Recently, the Charles H Kellstadt professor of marketing at Emory University's Goizueta Business School, Jagdish Sheth has written a book "The Self-Destructive Habits of Good Companies'. He talks about why good companies fail? after having all the good initial momentum. Here is his interview excert from http://www.rediff.com/money/2007/jun/12inter.htm

"I would put arrogance at the top of the list. Success, especially extraordinary or unexpected success, tends to boost the egos of companies, just as it does of individuals. These companies tend to be highly feted and their reputations exaggerated by the media, and that's bad news. There are enough write-ups on the rise of arrogance at Enron and Worldcomm, for instance.

Next would be complacency. When companies owe their success to monopoly situations, they stand in danger of taking their success for granted - like Hindustan Lever [Get Quote], until recently, for instance.

This is also true of monopolies of distribution - as in DeBeers - monopolies of regulation - Bharat Sanchar Nigam Ltd - or when the government owns the business - Air India. When you become complacent, you allow competitors to identify niche areas where they can establish themselves, and from there, take on the whole market. In such cases, your success breeds failure.

The third common bad habit is turf wars. As companies grow bigger, there is an increasing danger of internal battles. Whether it is dissension between divisions, as in General Electric, or family feuds as seen in so many Indian companies, the result must inevitably be suboptimal.

Number four on my list is volume obsession. This is a common problem with successful companies - they compromise on margins for the sake of further growth. Typically, value addition by a company accounts for about 30 per cent of the cost - 10 per cent each as the cost of management, labour and capital.

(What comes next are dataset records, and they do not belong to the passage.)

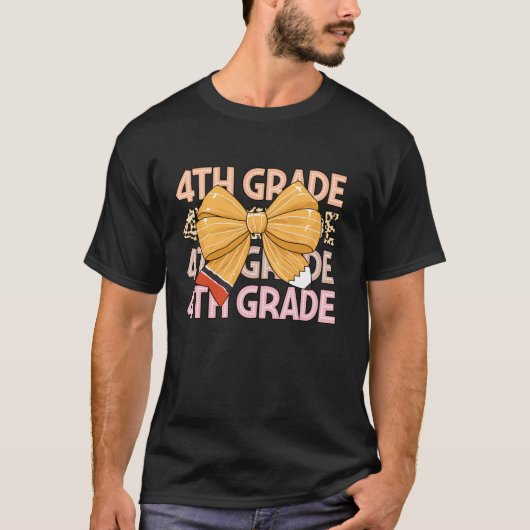 T-shirt Crayon Enseignant de 4e année Coquette Bow Retour (Devant)
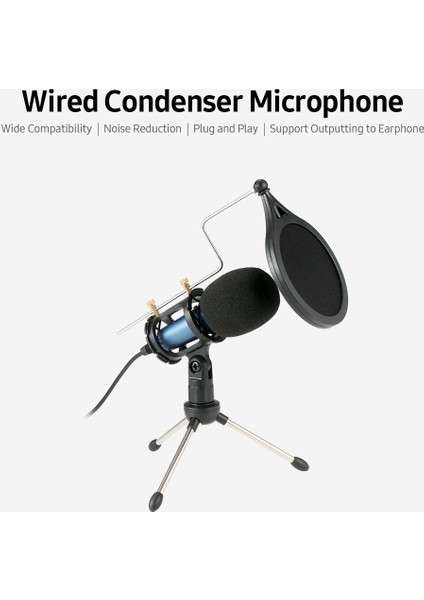 3,5 mm Kablo Gürültü Azaltma/tripod Standı/filtre/kulaklığa Çıkış Desteği/çoklu Kullanımlar Mavi ile Kondansatör Mikrofon (Yurt Dışından)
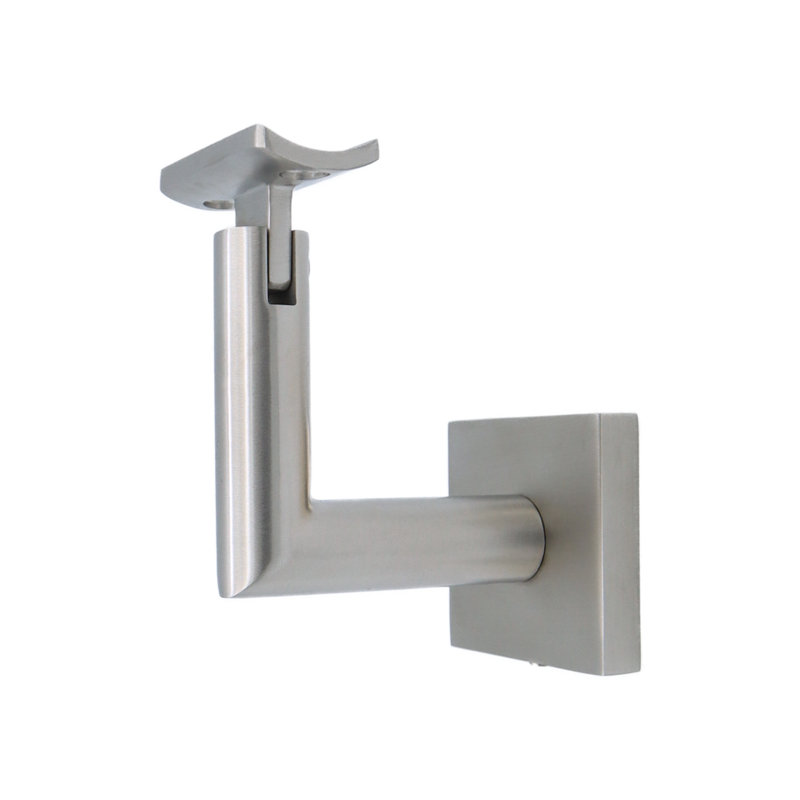 Support de main courante à fixation en surface avec rosette carrée et plaque incurvée, Acier inoxydable satiné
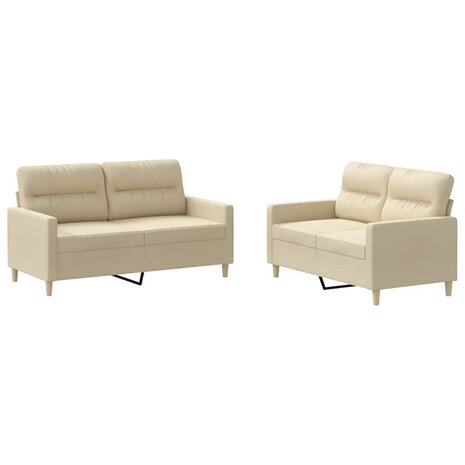 2-delige Loungeset met kussens stof cr&egrave;mekleurig 2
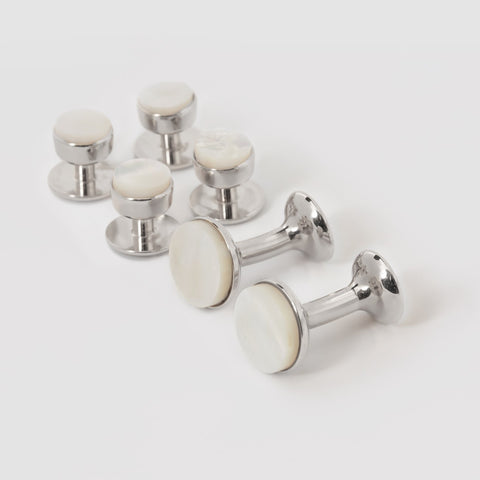 rhodium cufflinks and dress set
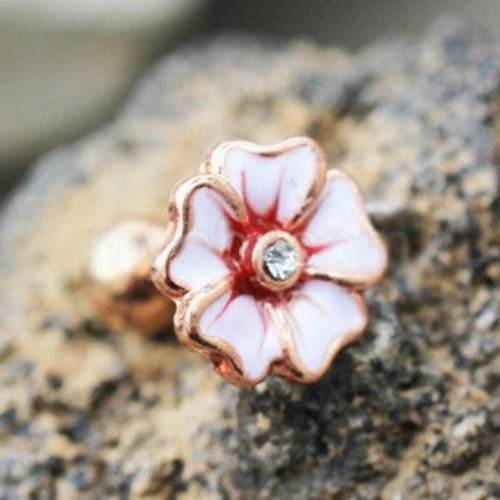 Rose Gold Hawaiian Hibiscus Flower Cartilage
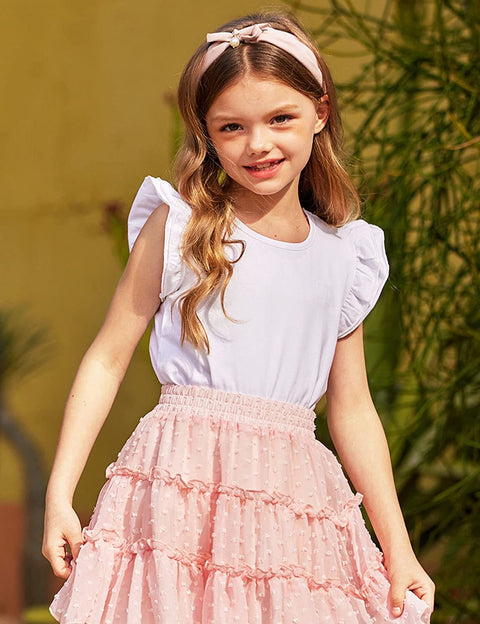 Arshiner Girls Basic Ruffle Sleeve Cute T-Shirt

The remaining 70 per cent is procurement costs.

So, when you increase volumes at the cost of your margins, you are actually helping your input providers (your suppliers) grow: they are making money at your expense. For instance, in the PC business, the value addition is only 11 per cent; 89 per cent is all procurement, of which 79 per cent goes to Intel and Microsoft who are making fat profits while the PC assemblers, including IBM, HP and Dell, struggle."


These topics and failures have been analyzed and written manytimes in business literature, but still companies and executives fail to capture the learning! A mystery indeed.